Aim of the exercise -> While reading through the material below, copy each line that holds the word "with".

Information shown ->
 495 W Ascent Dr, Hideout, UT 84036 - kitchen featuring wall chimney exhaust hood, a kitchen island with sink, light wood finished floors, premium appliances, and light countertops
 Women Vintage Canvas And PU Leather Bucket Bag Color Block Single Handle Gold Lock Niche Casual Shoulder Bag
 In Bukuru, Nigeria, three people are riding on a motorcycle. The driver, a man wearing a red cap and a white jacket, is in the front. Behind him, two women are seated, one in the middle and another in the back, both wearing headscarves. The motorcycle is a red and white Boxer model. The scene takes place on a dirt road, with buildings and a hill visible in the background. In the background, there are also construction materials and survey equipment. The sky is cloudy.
* * *
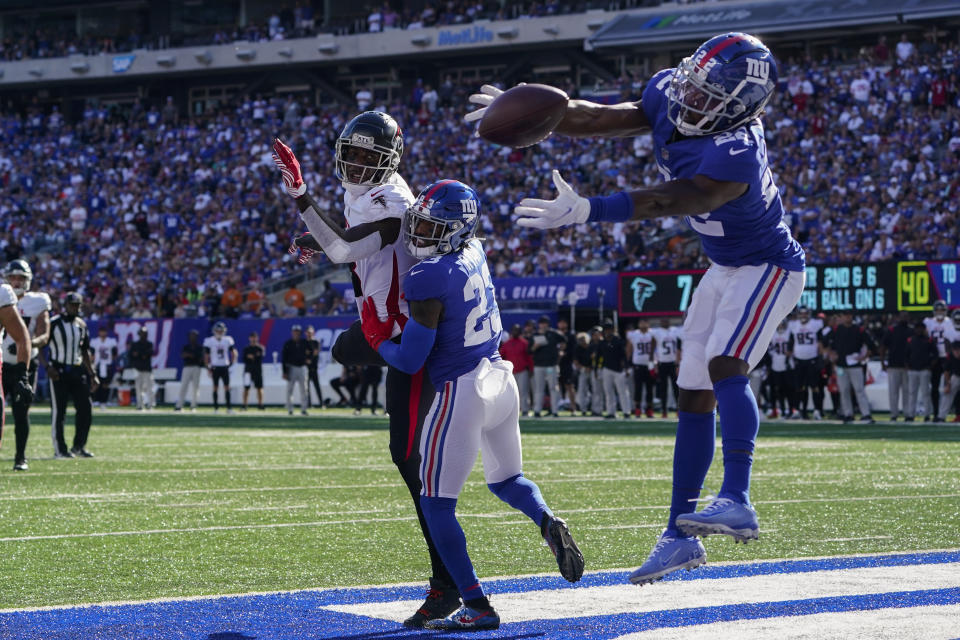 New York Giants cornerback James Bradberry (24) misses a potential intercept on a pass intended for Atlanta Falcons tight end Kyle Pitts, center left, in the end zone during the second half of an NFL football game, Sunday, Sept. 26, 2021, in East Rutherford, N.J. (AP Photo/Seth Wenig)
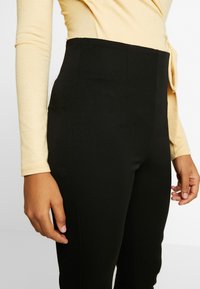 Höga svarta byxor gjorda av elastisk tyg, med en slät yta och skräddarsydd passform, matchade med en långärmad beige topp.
* * *
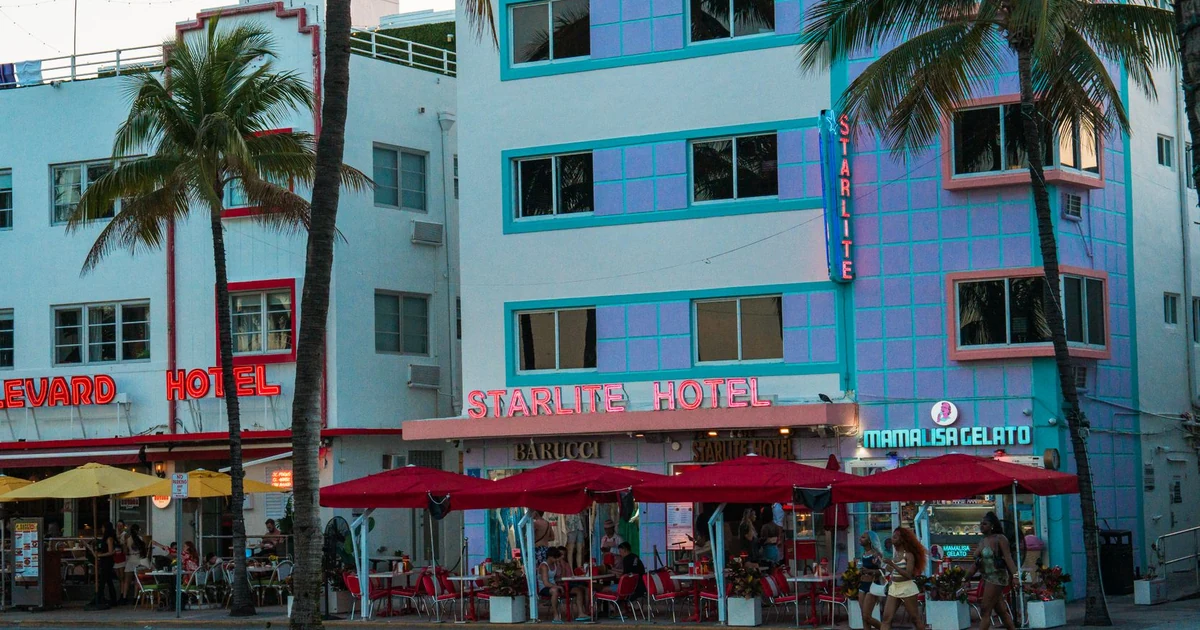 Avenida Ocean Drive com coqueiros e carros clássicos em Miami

Exercise answer ->
 495 W Ascent Dr, Hideout, UT 84036 - kitchen featuring wall chimney exhaust hood, a kitchen island with sink, light wood finished floors, premium appliances, and light countertops
 In Bukuru, Nigeria, three people are riding on a motorcycle. The driver, a man wearing a red cap and a white jacket, is in the front. Behind him, two women are seated, one in the middle and another in the back, both wearing headscarves. The motorcycle is a red and white Boxer model. The scene takes place on a dirt road, with buildings and a hill visible in the background. In the background, there are also construction materials and survey equipment. The sky is cloudy.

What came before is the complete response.